- **REQUIRED WORK**:
Transcribe only the part of the material below that begins at the line containing "Various - Accordeon" and ends at the line containing "Picture 05 - 2", with both kept and images left out.

- **DATASET ENTRIES**:
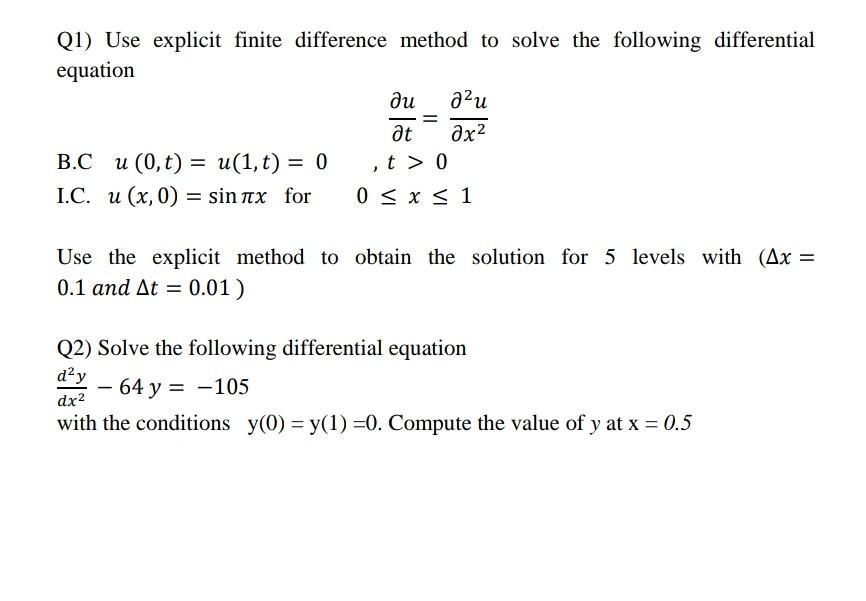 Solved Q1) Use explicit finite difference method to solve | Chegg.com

==

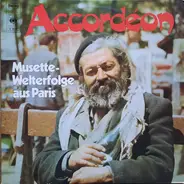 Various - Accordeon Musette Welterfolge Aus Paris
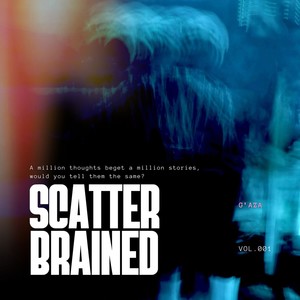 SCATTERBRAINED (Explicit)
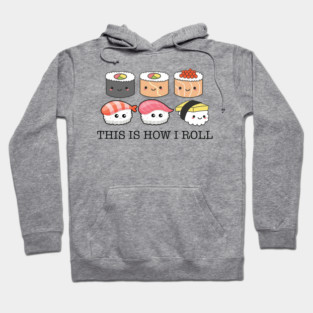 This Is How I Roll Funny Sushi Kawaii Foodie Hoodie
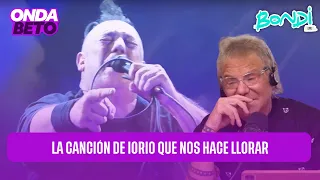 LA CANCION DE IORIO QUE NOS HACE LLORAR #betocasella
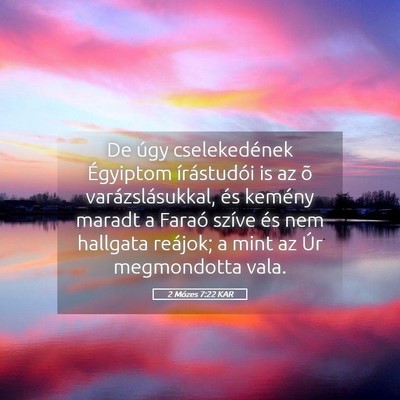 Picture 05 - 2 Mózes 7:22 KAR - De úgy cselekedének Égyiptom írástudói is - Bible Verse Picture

- **RESPONSE TO THE EXERCISE**:
 Various - Accordeon Musette Welterfolge Aus Paris
 SCATTERBRAINED (Explicit)
 This Is How I Roll Funny Sushi Kawaii Foodie Hoodie
 LA CANCION DE IORIO QUE NOS HACE LLORAR #betocasella
 Picture 05 - 2 Mózes 7:22 KAR - De úgy cselekedének Égyiptom írástudói is - Bible Verse Picture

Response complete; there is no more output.